Voor het eerst sinds de 944 waagt Porsche zich weer aan een vierpitter ion een productiemodel. Hierbij hoef je overigens niet bang te zijn dat je hetzelfde blok als een Golf R hebt, de vierpitters zijn boxermotoren uit eigen huis.

718 Boxster, het is een verwijzing naar de viercilinder racers uit de jaren '50 en '60. De 718 en zijn dichte broertje - de Cayman - hadden een 2.7/3.4 liter atmosferische zescilinder met 265/315pk, nu is het een gedownsizede vierpitter. Hoewel Porsche's paarsbroeken liever van right-sizing spreken.

De instap-718 heeft een 2.0 viercilinder met 300 pk, de 718 Boxster S heeft een ruimer bemeten 2.5 die goed is voor 350 pk. Het maximumkoppel ligt op respectievelijk 380 en 420 Nm. 0-100 gaat in 4,7/4,2s, en de 718's halen een topsnelheid van 275/285 km/u.

De auto- en vrachtwagenindustrie groeien steeds dichter naar elkaar toe op het gebied van transmissies. Porsche introduceert met de virtual gears een soort van tussenversnelling voor wanneer het volgende verzet nog net iets te laag in de toeren zou zitten. In feite laat het systeem met dubbele koppeling de twee opvolgende verzetten slippen, zoals de voorste versnellingsbak van de GTC4Lusso ook doet.

De verschillen met de voorganger zijn subtiel. Het front werd groter, met duidelijk gegroeide koelopeningen. Bi-xenon is standaard, full-Led met de 4 bekende pitten optioneel. De kont van de 718 werd een stuk breder, en de achterlichten kregen een overhaul met 3D-LED-techniek. Muy fancy.

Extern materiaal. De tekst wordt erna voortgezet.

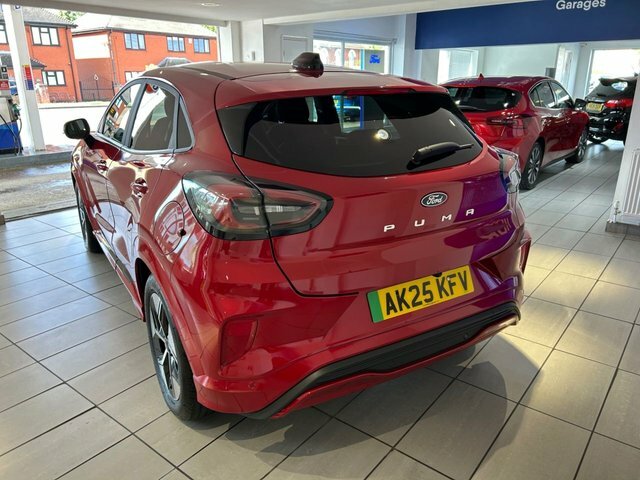 Ford Puma Standard Range 43Kwh Premium Suv Red #9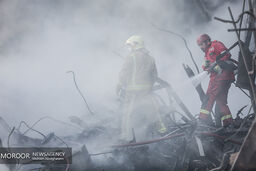 مشکل وام ۳۰۰ میلیون تومانی کسبه ساختمان پلاسکو حل شد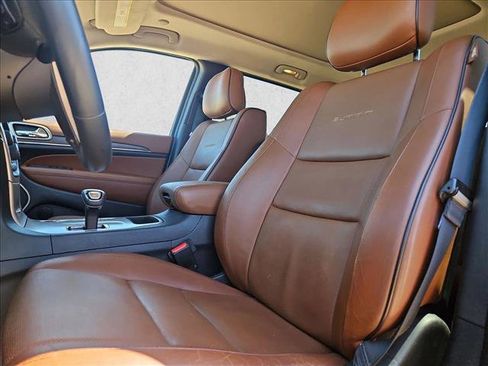 Used 2015 Jeep Grand Cherokee Summit w/ Platinum Series Group RWD image 29
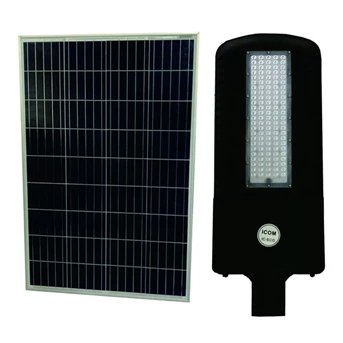 lampu jalan tenaga surya 2 in 1 i-com 60 watt murah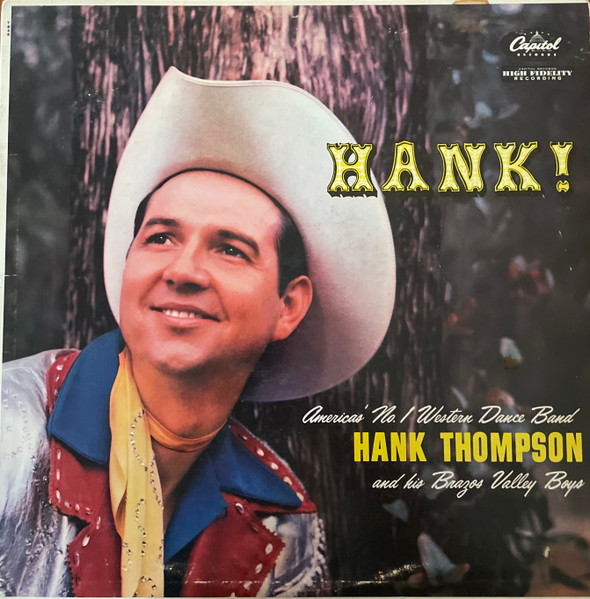 Hank Thompson And His Brazos Valley Boys – Hank! (1957, Vinyl 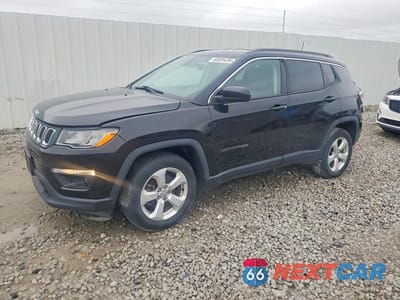 2017 JEEP COMPASS LATITUDE 3C4NJDBB4HT660789 - główne zdjęcie licytacji z USA - miniatura
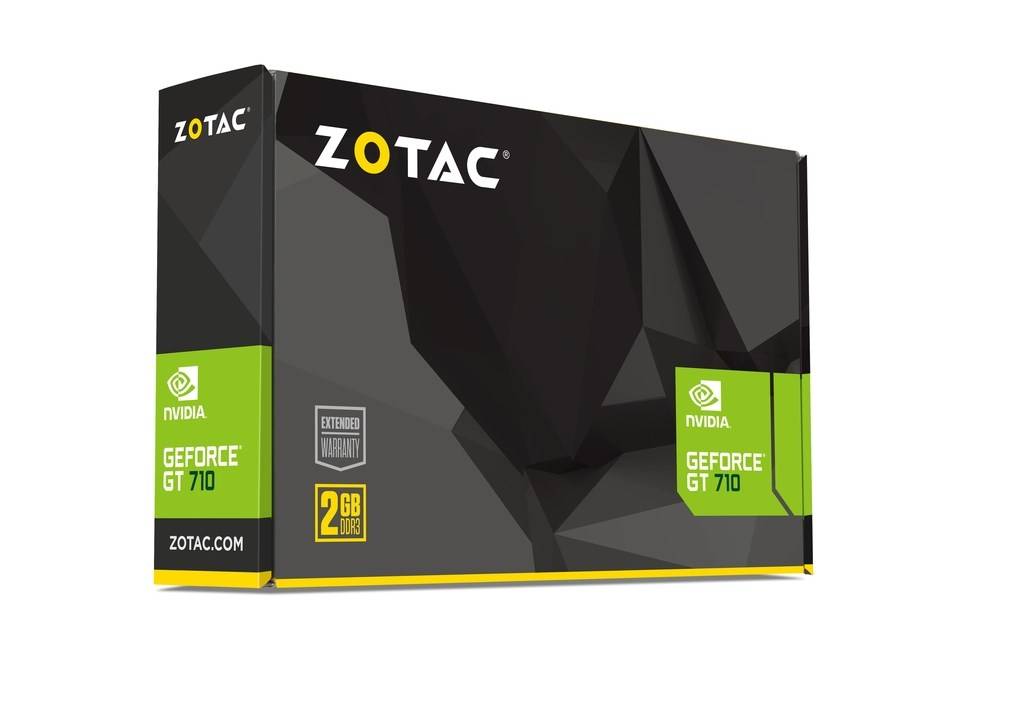 Zotac Grafikkarte GT710 2 GB PCIe 2.0 x2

Verder is het het bekende verhaal: x procent scherper sturend, y procent stijver, en z procent strakker afgeveerd maar toch vergevingsgezind tijdens lange ritten. Zoals het een Duits persbericht betaamt. Helaas geen woord over gewichten, maar het moet raar lopen als de 718 Boxster niet lichter is dan de Boxster.